When ArcGIS web services are secured using ArcGIS token-based authentication, the client software must be able to obtain and use the token. Esri client applications, such as ArcGIS Desktop, automatically handle the process of acquiring tokens from the token service and presenting tokens to the secured ArcGIS web service.
When building custom ArcGIS client applications that use GET requests to access web services secured using ArcGIS token-based authentication, it is recommended that the token be sent in the X-Esri-Authorization header instead of a query parameter. This prevents intermediaries on the network, such as proxies, gateways or load-balancers from being able to obtain the token. The example HTTP GET request below sends the token in the X-Esri-Authorization header:
GET https://arcgis.mydomain.com/arcgis/rest/services/SampleWorldCities/MapServer?f=pjson HTTP/1.1
Host: arcgis.mydomain.com
X-Esri-Authorization: Bearer xMTuPSYpAbj85TVfbZcVU7td8bMBlDKuSVkM3FAx7zO1MYD0zDam1VR3Cm-ZbFo-
If ArcGIS Server uses ArcGIS Server authentication and not web-tier authentication (IWA, HTTP BASIC, PKI, and so on), the standard HTTP Authorization header may be used instead of the X-Esri-Authorization header:
GET https://arcgis.mydomain.com/arcgis/rest/services/SampleWorldCities/MapServer?f=pjson HTTP/1.1
Host: arcgis.mydomain.com
Authorization: Bearer xMTuPSYpAbj85TVfbZcVU7td8bMBlDKuSVkM3FAx7zO1MYD0zDam1VR3Cm-ZbFo-
The behavior of ArcGIS clients when connecting to an ArcGIS web service secured using token-based authentication is described below.
- ArcGIS Desktop (ArcMap, ArcGIS Pro): The user provides a valid user name and password on the connection dialog box.

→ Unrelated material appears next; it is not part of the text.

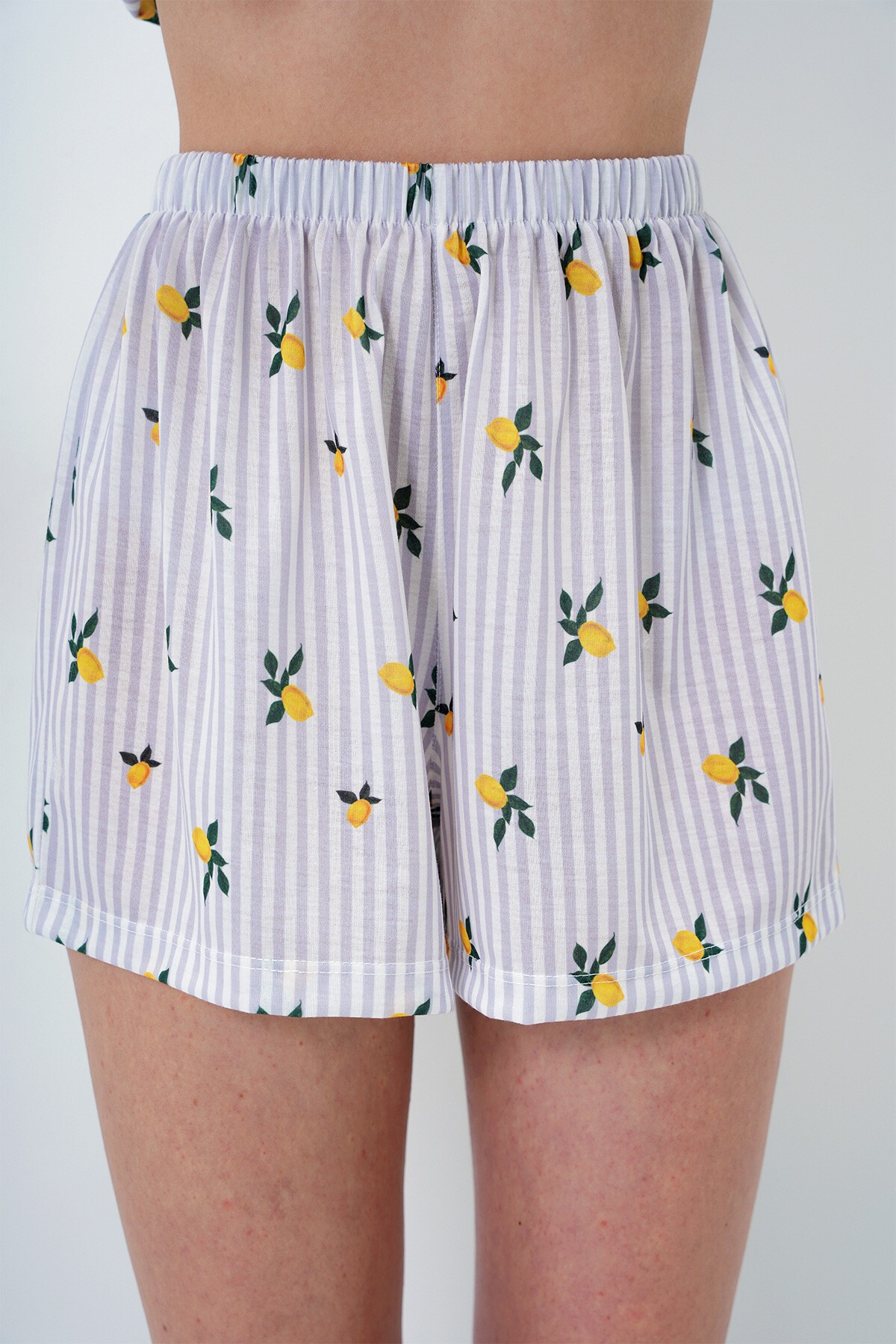 Gri Çizgi Desenli Örme Pamuklu Gömlek Ve Şort Pijama Takımı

If no user name or password is specified, or if the login is incorrect, the software prompts the user to enter correct credentials.
- JavaScript applications (ArcGIS API for JavaScript and other REST-based applications): The client must be capable of providing a token to access the service that requires a token. In most cases, it will not be appropriate to embed the user name and password for the service into the client-side JavaScript. Instead, a long-lived token can be obtained from the token server, and this token can be included in the client-side page. The token is then included in the request for the service. For details on acquiring the token, see Acquiring ArcGIS tokens. For information on requesting a resource with a token, see the appropriate API help.

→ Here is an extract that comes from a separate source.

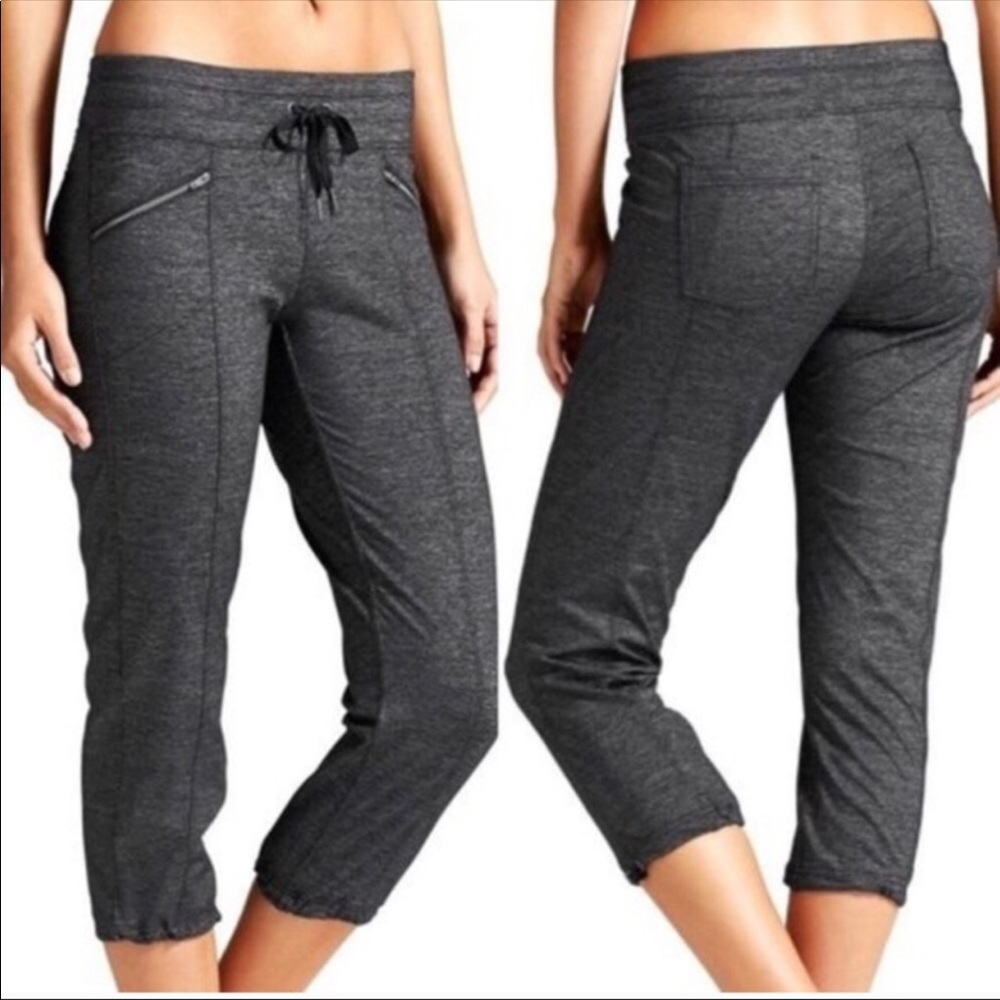 Athleta Quest Metro Slouch Capri Jogger Pants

- SOAP-based applications: Applications that use a SOAP toolkit to access the WSDL of the GIS web service need to acquire and use tokens explicitly. See the ArcGIS Server Developer Help for information and examples.
- ArcGIS Web Applications (Java or Microsoft .NET): The web application uses the credentials previously entered into the ArcGIS Web Applications Manager or in the developer environment.